The Cost of Hyper-Specialization
Grace M. once observed that the most confident people in any room are usually the ones with the simplest titles. The ‘Plumber,’ the ‘Surgeon,’ the ‘Pilot.’ They don’t need to wrap their labor in layers of conceptual fluff because their value is self-evident. There is, however, a massive amount of guesswork in what an ‘Engagement Ninja’ does when your quarterly revenue is tanking.
Burnout from Image
Exhausting to maintain the title’s image.
Narrow Silos
Loss of generalist skills.
The Data Storyteller
101 charts that mean nothing.
When every role must be ‘Senior’ or ‘Lead’ or ‘Specialist,’ we lose the ability to just be ‘Good.’ We are forced into narrow silos of fabricated expertise. The title demands a level of performance that the actual work cannot sustain.
The Quiet Power of Accuracy
We need to demand roles that are defined by what we do, not how we want to be perceived.
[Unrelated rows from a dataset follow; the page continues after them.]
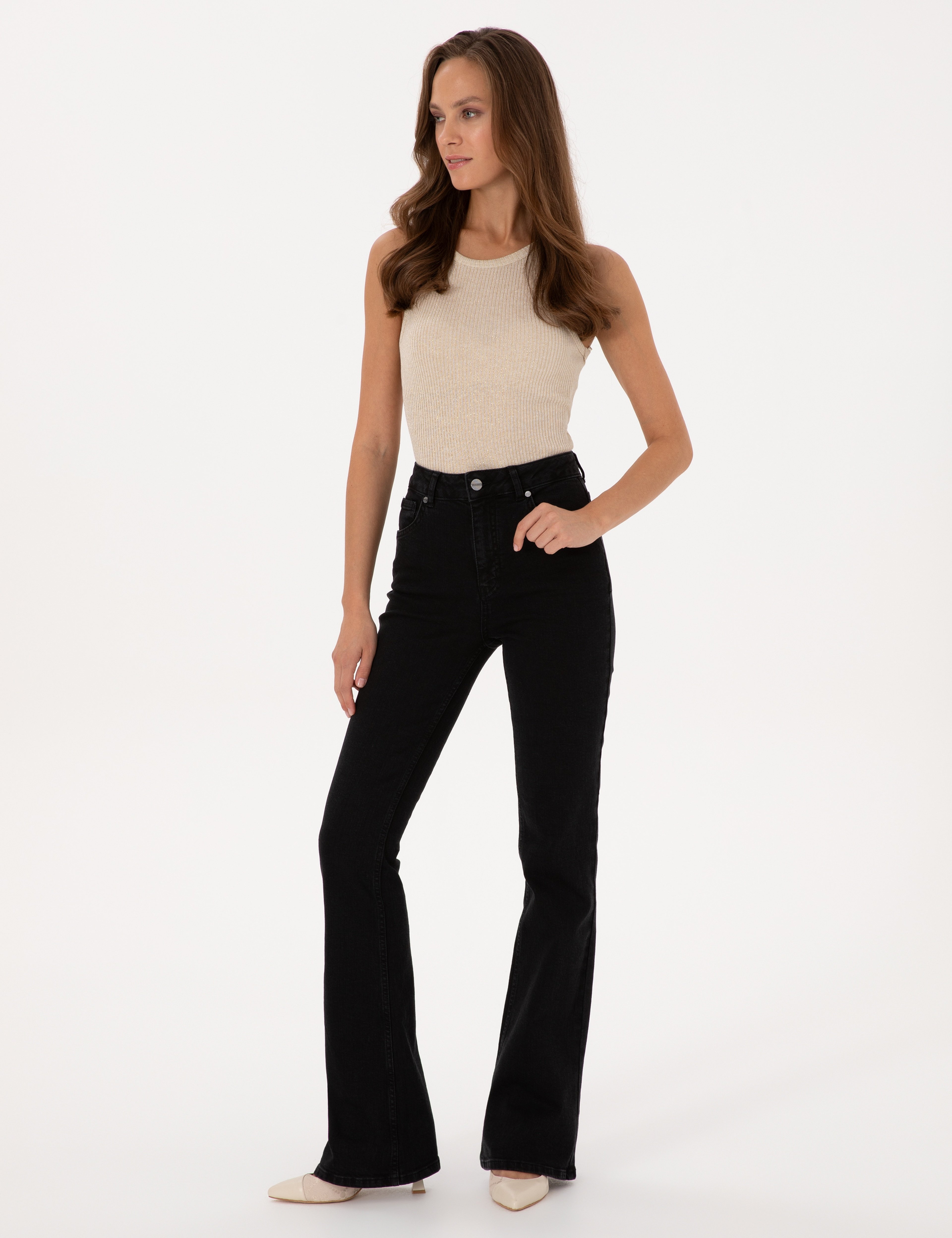 Siyah Skinny Flare Fit Jean Pantolon - Image 3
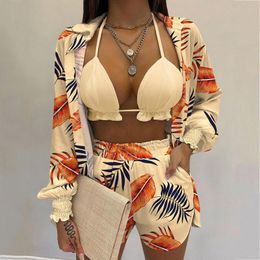 Women's Tracksuits 2023 High Waist Beach Shorts Sets Women's Swimsuit Three Pieces Swimwear Sexy Beachwear Bathing Suit Cover Up Summer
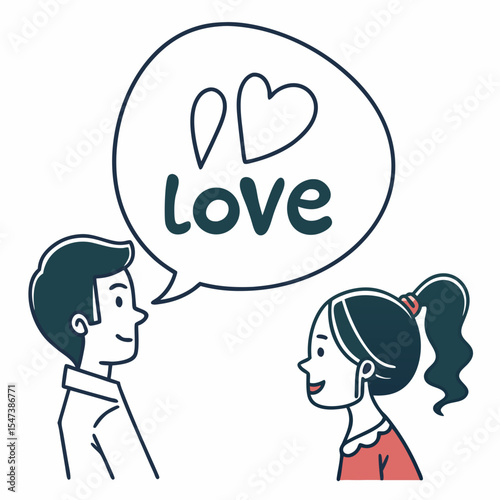 Young couple sharing sweet words of love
If my job is to update spreadsheets and send emails, then let me be an ‘Email and Spreadsheet Coordinator.’ There is a quiet, honest power in that.
It allows for real career progression because you can actually measure growth when the starting point isn’t a nebulous cloud of buzzwords. And maybe, just maybe, it allows us to answer that dreaded party question without the micro-shrug and the gin-soaked anxiety.